For this exercise, transcribe every line of the material exactly and skip the pictures.

Start of DATASET EXTRACT

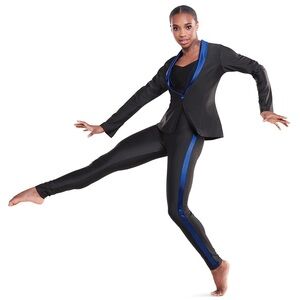 10th House ACCELERATION Black and Blue Jumpsuit with jacket Medium Child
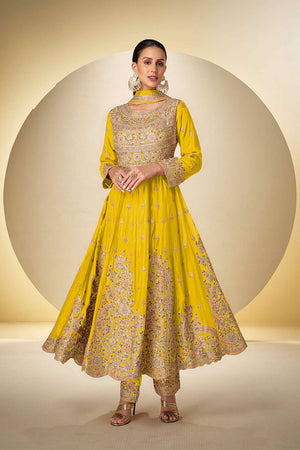 Yellow Sequin with Embroidered Chinon  Anarkali Suits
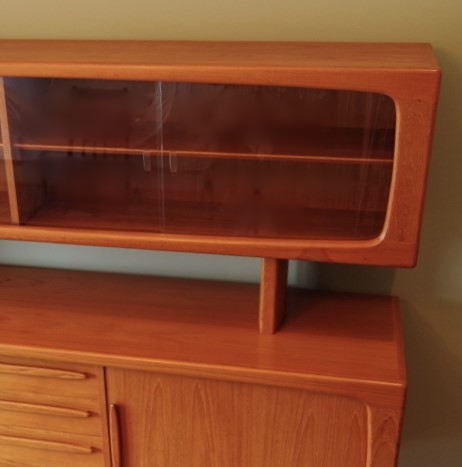 Mid Century Danish Modern Teak Credenza with Floating Hutch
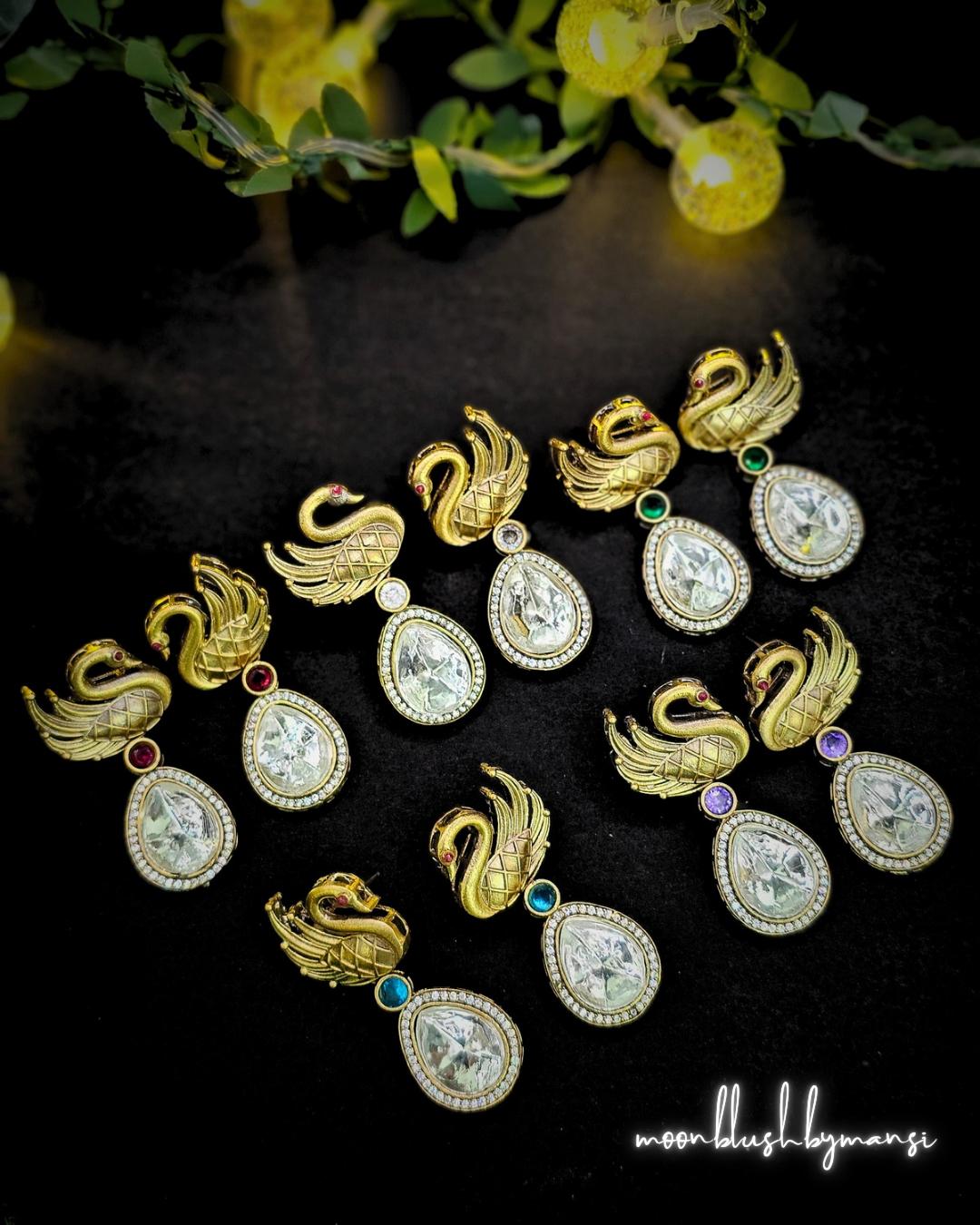 Handmade Brass Swan Drop Earrings: Victorian Style, Ad/Cz Stones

End of DATASET EXTRACT

## YOUR RESPONSE
 10th House ACCELERATION Black and Blue Jumpsuit with jacket Medium Child
 Yellow Sequin with Embroidered Chinon  Anarkali Suits
 Mid Century Danish Modern Teak Credenza with Floating Hutch
 Handmade Brass Swan Drop Earrings: Victorian Style, Ad/Cz Stones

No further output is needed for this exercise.